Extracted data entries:
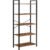 VASAGLE Biblioteca cu 5 etaje din lemn, cadru otel, stil industrial, 30x66x153cm, maro rustic si negru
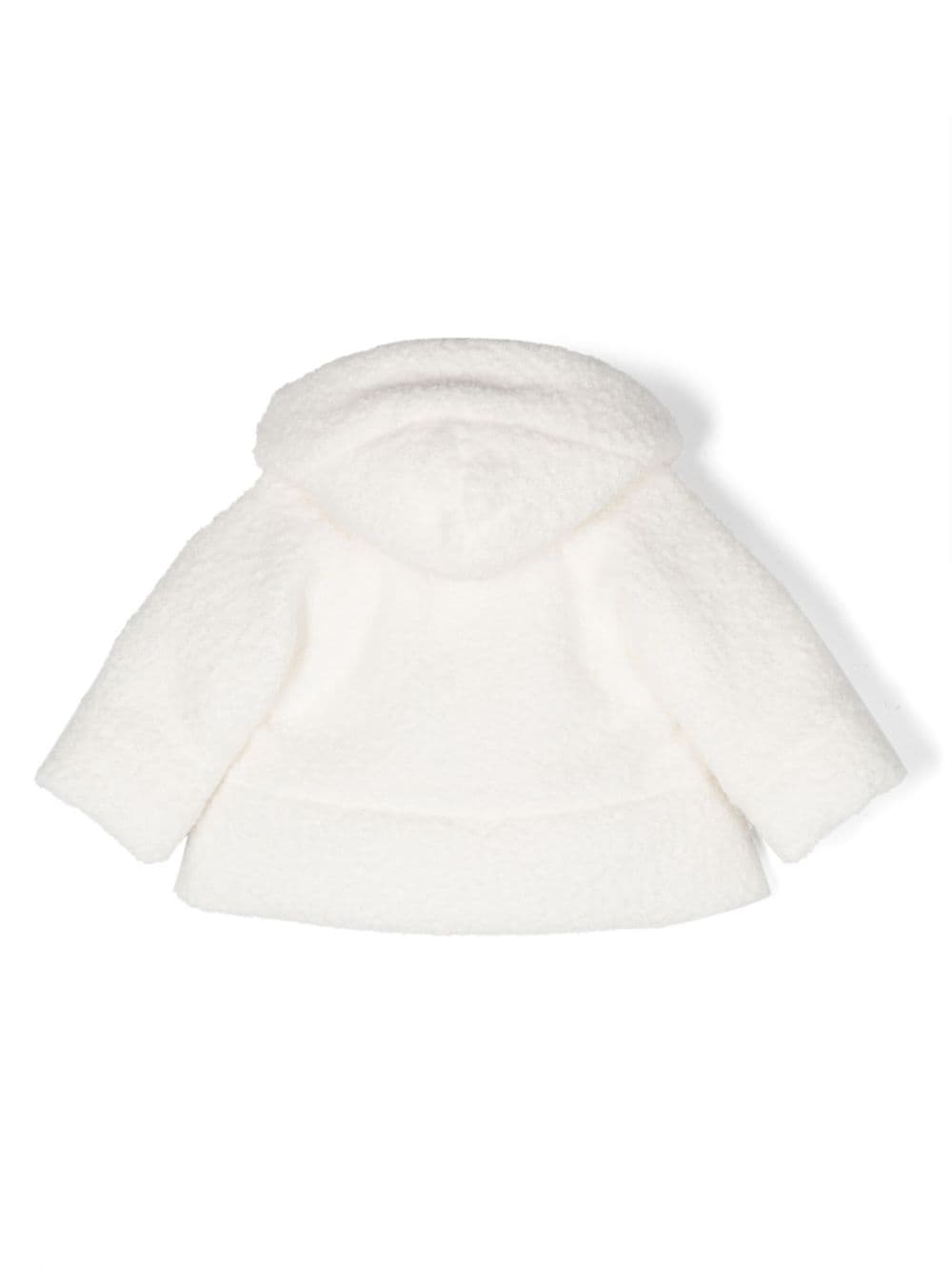 Cappotto con cappuccio per neonata La Stupenderia bianco con orlo dritto - Rubino Kids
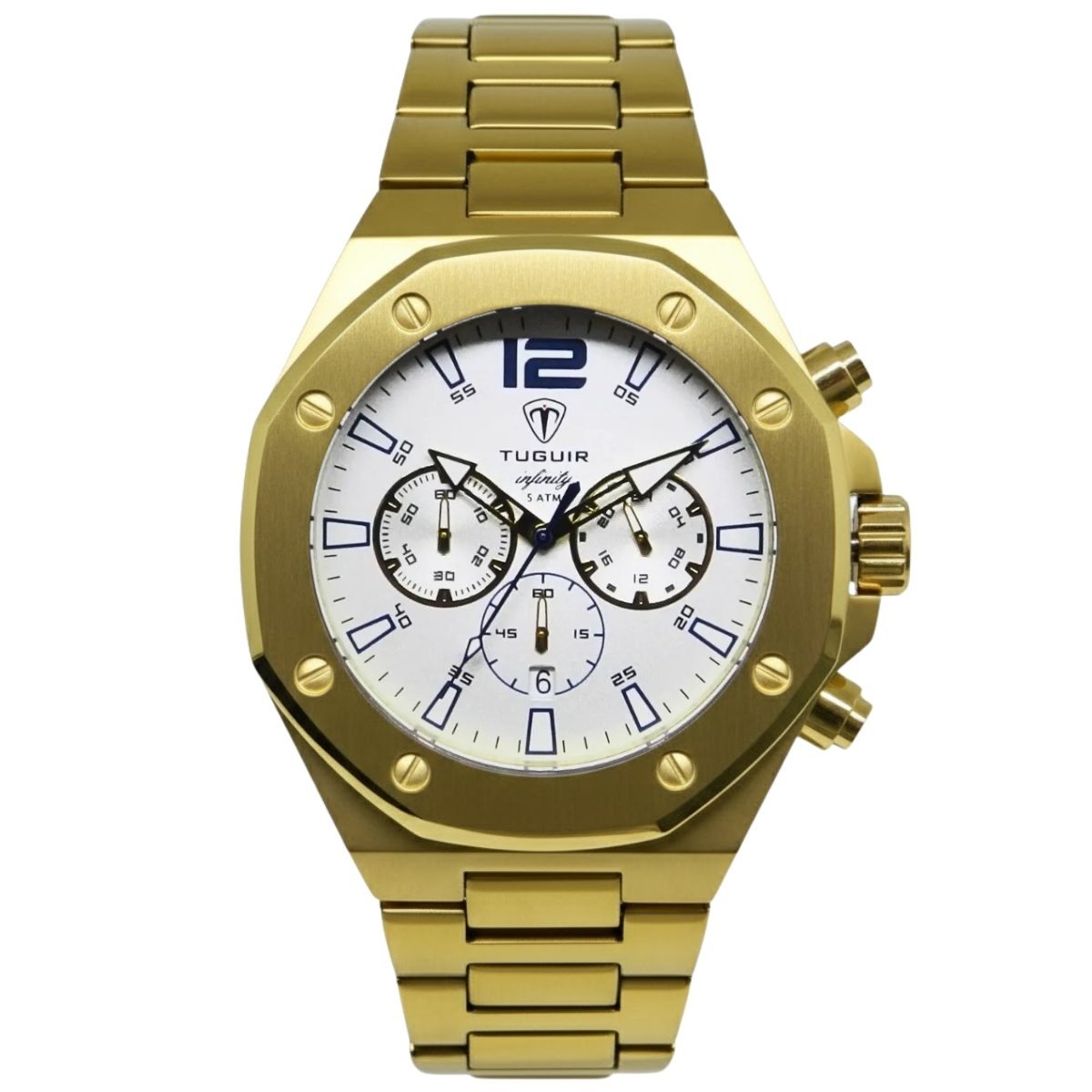 Relógio Cronógrafo Masculino de Aço Tuguir Analógico Infinity GCS-1271 Dourado e Branco (DCRE: 2024/15948-0)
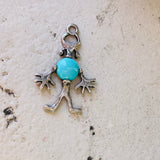 Vintage Sterling Silver 925 Abstract Tribal Figure Turquoise Stone Pendant 2.9g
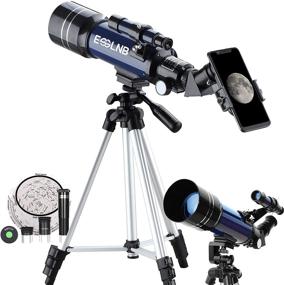 img 4 attached to 🔭 ESSLNB 70mm Refractor Telescope for Kids with Smartphone Adapter + 51.6in Tripod - Astronomical Telescopes for Beginners and Adults - 3X Barlow, Moon Filter, Fully Coated Lens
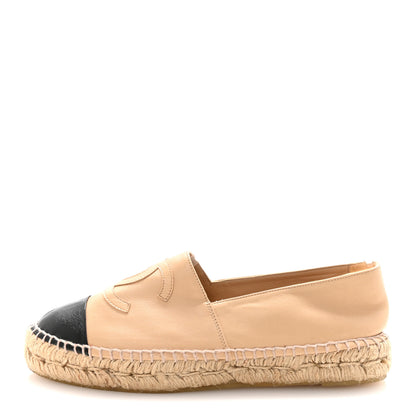 Chanel Lambskin CC Espadrilles 39 Beige Black 1 of 10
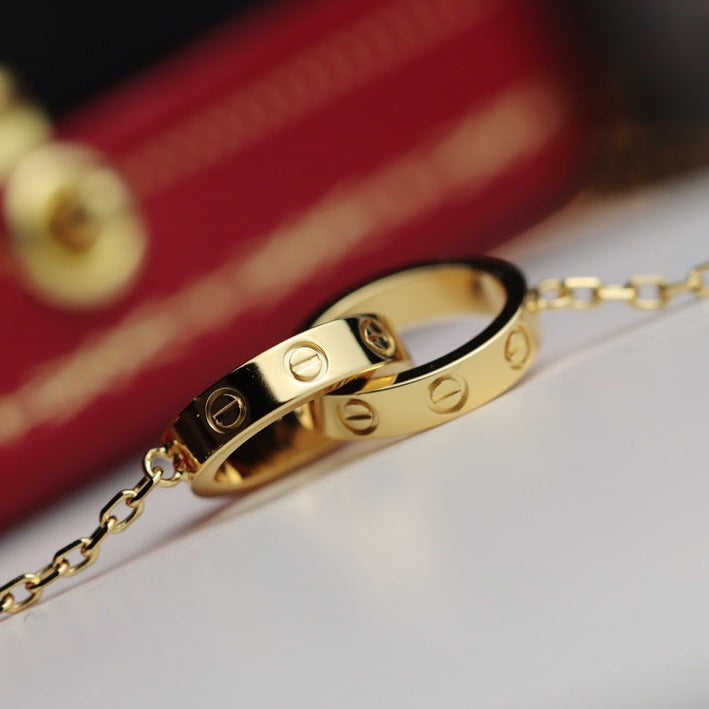 Pomuse LOVE NECKLACE DOUBLE RING GOLD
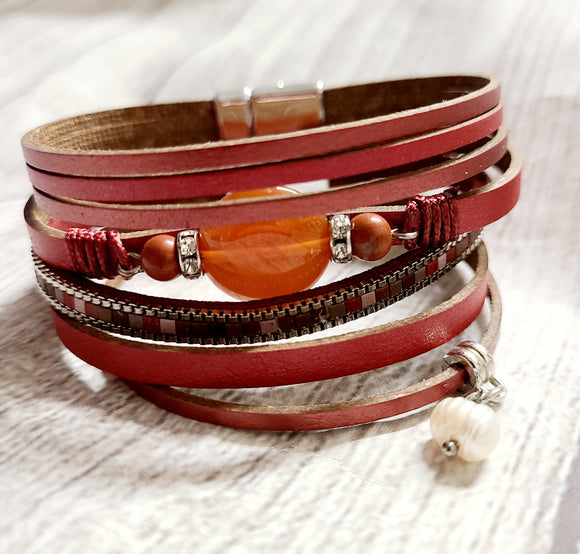 red strappy magnetic bracelet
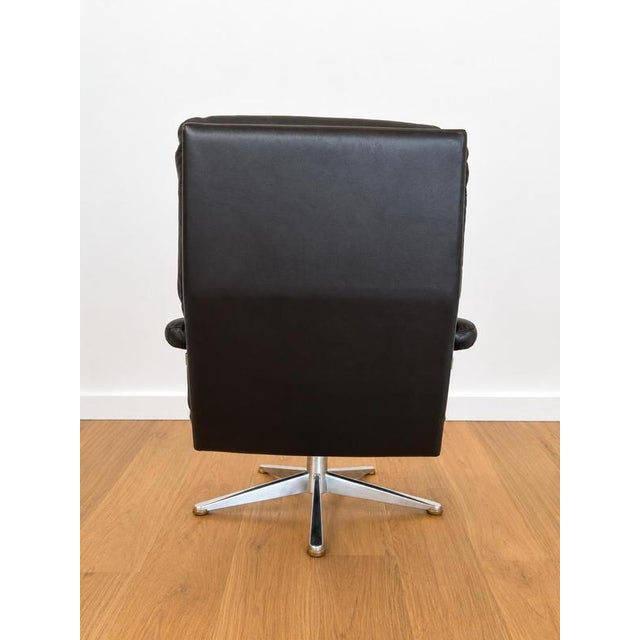 Black Mid-Century Danish Leather Lounge Chair by Werner Langenfeld, 1970s For Sale - Image 8 of 13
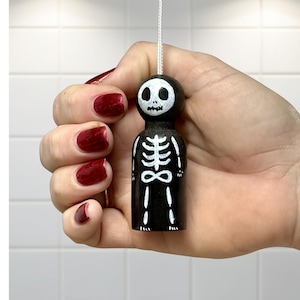 Hand Painted Wooden Skeleton Light Pull with Cord & Connector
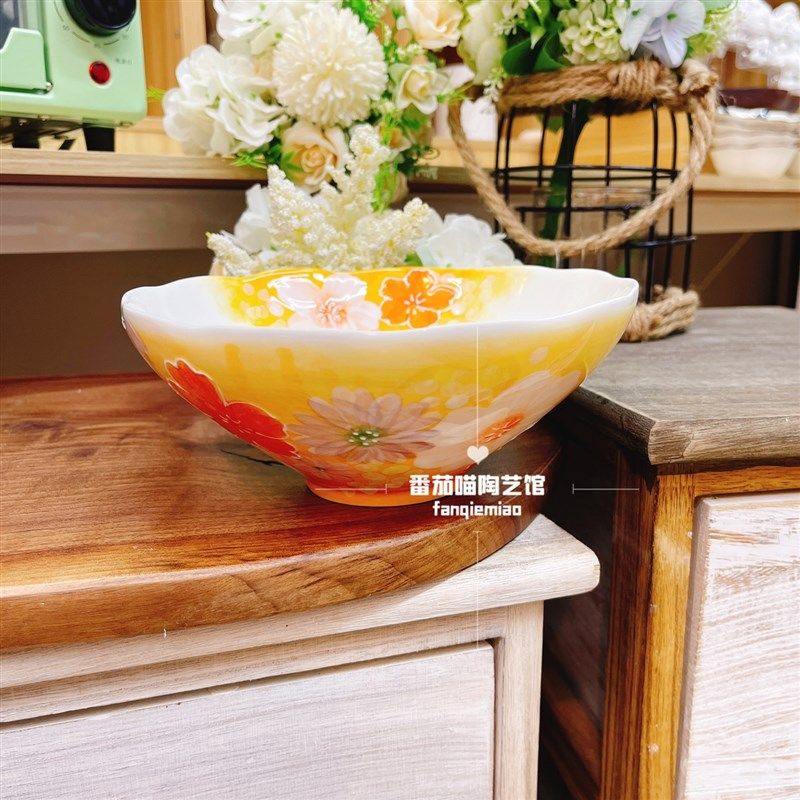 F74濑户烧陶瓷釉下彩手绘汤x碗大容量汤盆浮雕碗家用餐具大碗个性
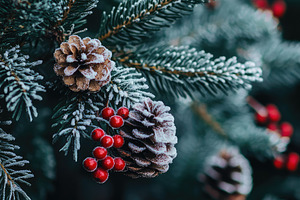 Frosted Christmas Tree Branches, a Nature Photo by Virgo Studio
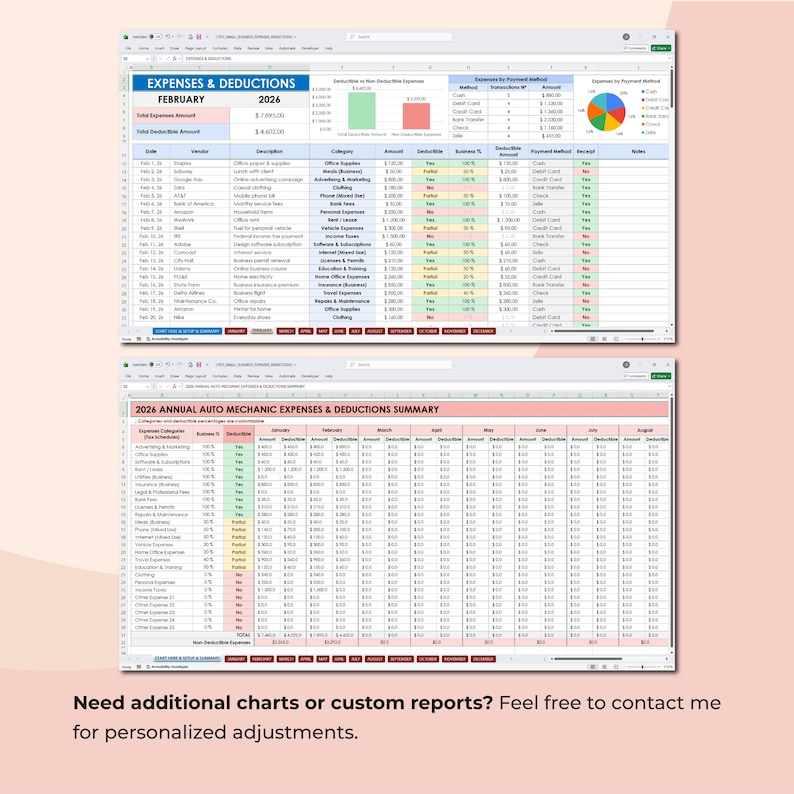 Small Business Deductible Expense Tracker | Bookkeeping Spreadsheet for Any Business | Tax Deductions | Excel & Google Sheets Template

** PROBLEM STATEMENT **
Nothing but the lines from the one with "Cappotto con cappuccio" through the last line of the records should appear in your answer, each exactly as written and without pictures.

** TASK OUTPUT **
 Cappotto con cappuccio per neonata La Stupenderia bianco con orlo dritto - Rubino Kids
 Relógio Cronógrafo Masculino de Aço Tuguir Analógico Infinity GCS-1271 Dourado e Branco (DCRE: 2024/15948-0)
 Vintage Sterling Silver 925 Abstract Tribal Figure Turquoise Stone Pendant 2.9g
 img 4 attached to 🔭 ESSLNB 70mm Refractor Telescope for Kids with Smartphone Adapter + 51.6in Tripod - Astronomical Telescopes for Beginners and Adults - 3X Barlow, Moon Filter, Fully Coated Lens
 Chanel Lambskin CC Espadrilles 39 Beige Black 1 of 10
 Pomuse LOVE NECKLACE DOUBLE RING GOLD
 red strappy magnetic bracelet
 Black Mid-Century Danish Leather Lounge Chair by Werner Langenfeld, 1970s For Sale - Image 8 of 13
 Hand Painted Wooden Skeleton Light Pull with Cord & Connector
 F74濑户烧陶瓷釉下彩手绘汤x碗大容量汤盆浮雕碗家用餐具大碗个性
 Frosted Christmas Tree Branches, a Nature Photo by Virgo Studio
 Small Business Deductible Expense Tracker | Bookkeeping Spreadsheet for Any Business | Tax Deductions | Excel & Google Sheets Template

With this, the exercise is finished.